### Dataset excerpt
######

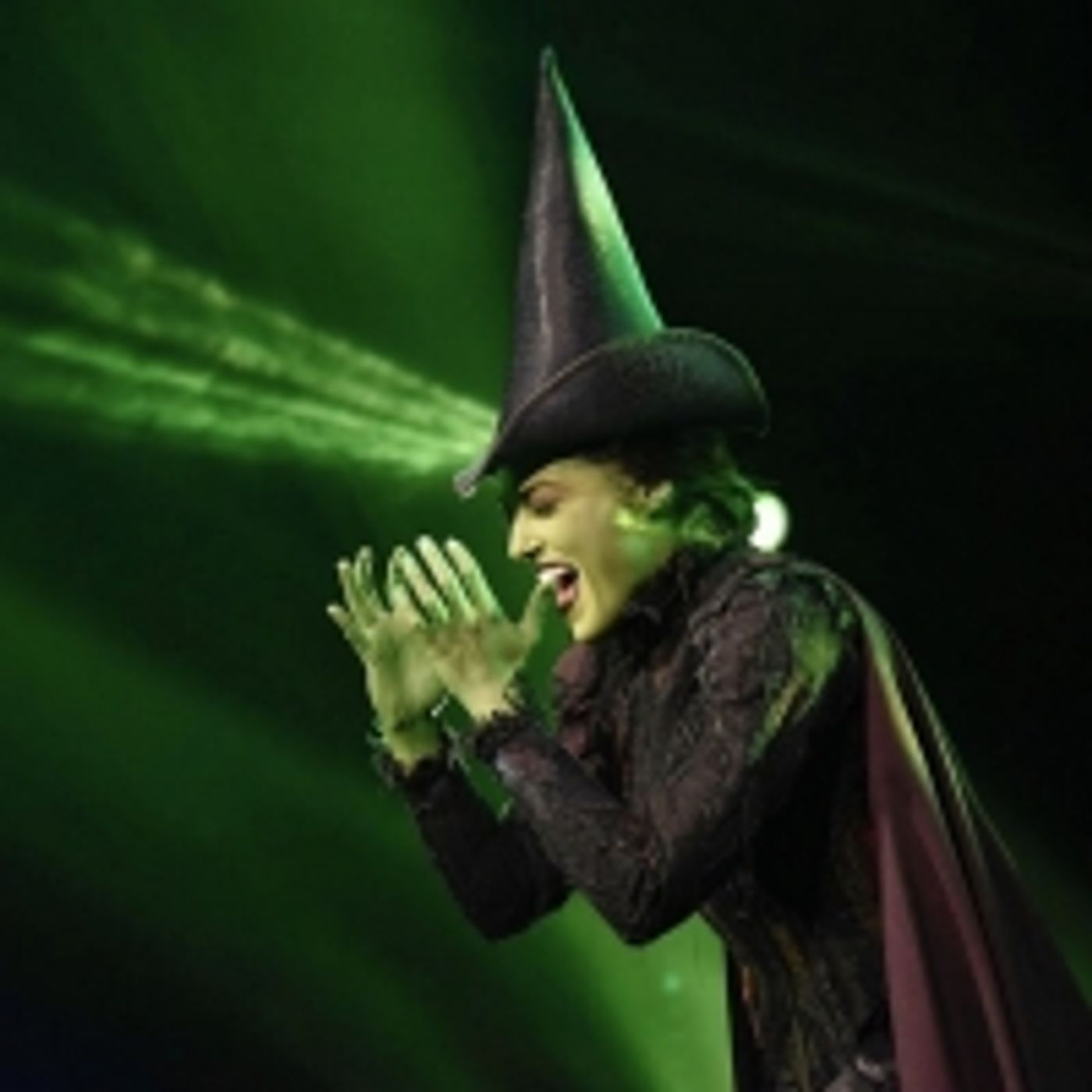 Wake Up With BWW 9/14: First Listen to CINDERELLA Song, THE PROM Film Release Date, and More!  Image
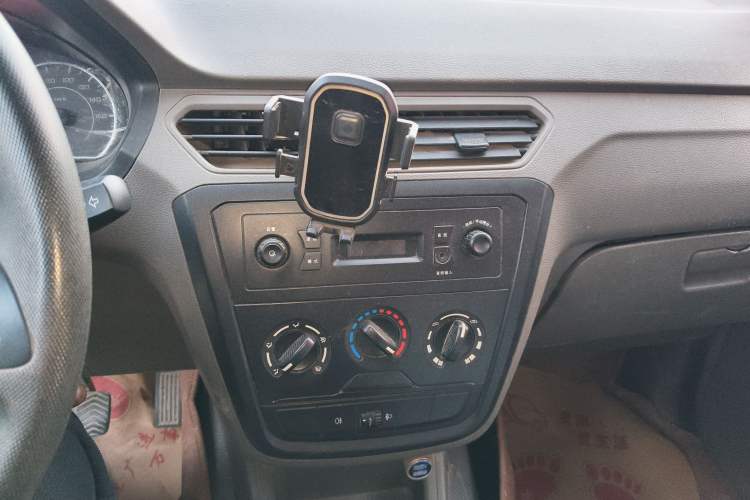 Used Wuling Zhiguang V 2017 1.2L Base Version LMH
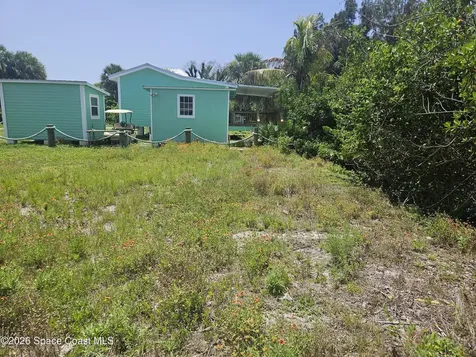 29 Vip Island Grant-valkaria FL 32949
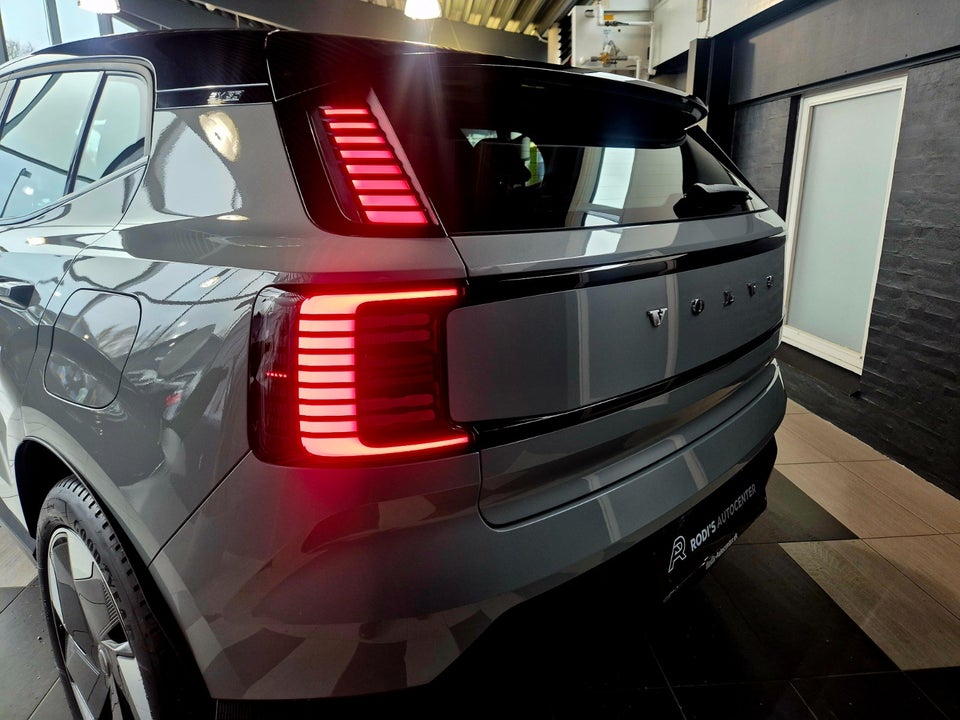 Volvo EX30 Extended Range Plus 5d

######

### Required work
Only the pictures are to be left out; copy all the remaining material above exactly.

### Solved exercise
 Wake Up With BWW 9/14: First Listen to CINDERELLA Song, THE PROM Film Release Date, and More!  Image
 Used Wuling Zhiguang V 2017 1.2L Base Version LMH
 29 Vip Island Grant-valkaria FL 32949
 Volvo EX30 Extended Range Plus 5d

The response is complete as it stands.